(French (born Italy), 1890–1973)
The Paris designer Elsa Schiaparelli changed the face of fashion with clothes created for the modern woman. From her trompe l'oeil sweaters in the late 1920s to her collaborations in the 1930s with avant-garde artists such as Salvador Dalí and Jean Cocteau, the Italian-born Schiaparelli utilized the subversive goals of Surrealism to imbue sophisticated high fashion with surprising playfulness and reverence. Writing in The New Yorker in 1932, Janet Flanner observed that “a frock from Schiaparelli ranks like a modern canvas,” and the designer herself defined dressmaking as an art rather than a profession.

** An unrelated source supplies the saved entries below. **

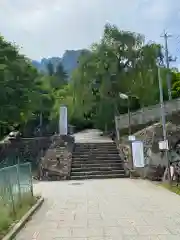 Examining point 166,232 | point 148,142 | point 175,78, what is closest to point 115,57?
point 148,142

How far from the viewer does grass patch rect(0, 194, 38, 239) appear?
26.9ft

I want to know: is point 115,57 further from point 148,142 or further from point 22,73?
point 148,142

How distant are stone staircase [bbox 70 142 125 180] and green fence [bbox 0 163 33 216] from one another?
9.97 m

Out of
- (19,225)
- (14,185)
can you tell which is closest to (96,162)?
(14,185)

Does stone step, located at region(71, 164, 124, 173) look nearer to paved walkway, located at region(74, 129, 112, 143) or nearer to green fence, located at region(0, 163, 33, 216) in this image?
paved walkway, located at region(74, 129, 112, 143)

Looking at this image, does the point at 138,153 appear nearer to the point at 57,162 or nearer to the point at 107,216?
the point at 57,162

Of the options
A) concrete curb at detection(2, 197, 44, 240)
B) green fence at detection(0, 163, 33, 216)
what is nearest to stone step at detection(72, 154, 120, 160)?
green fence at detection(0, 163, 33, 216)

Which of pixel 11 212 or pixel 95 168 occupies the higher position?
pixel 95 168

Acknowledged by her contemporaries as the style arbiter of the 1930s, Schiaparelli’s creations mirrored the social, political, and cultural climate of her times. A favorite designer of women who made the best-dressed list, female sports heroes, and film and theater actresses, Schiaparelli also had a special relationship with the American fashion industry, thanks to the sale of a trompe l'oeil sweater to an American buyer in 1927.
The Philadelphia Museum of Art’s extensive collection of garments by Schiaparelli includes seventy-one original models the designer gave the museum in 1969, many of which are iconic works and garments from her personal wardrobe. Her approach to fashion continues to provide inspiration for designers today.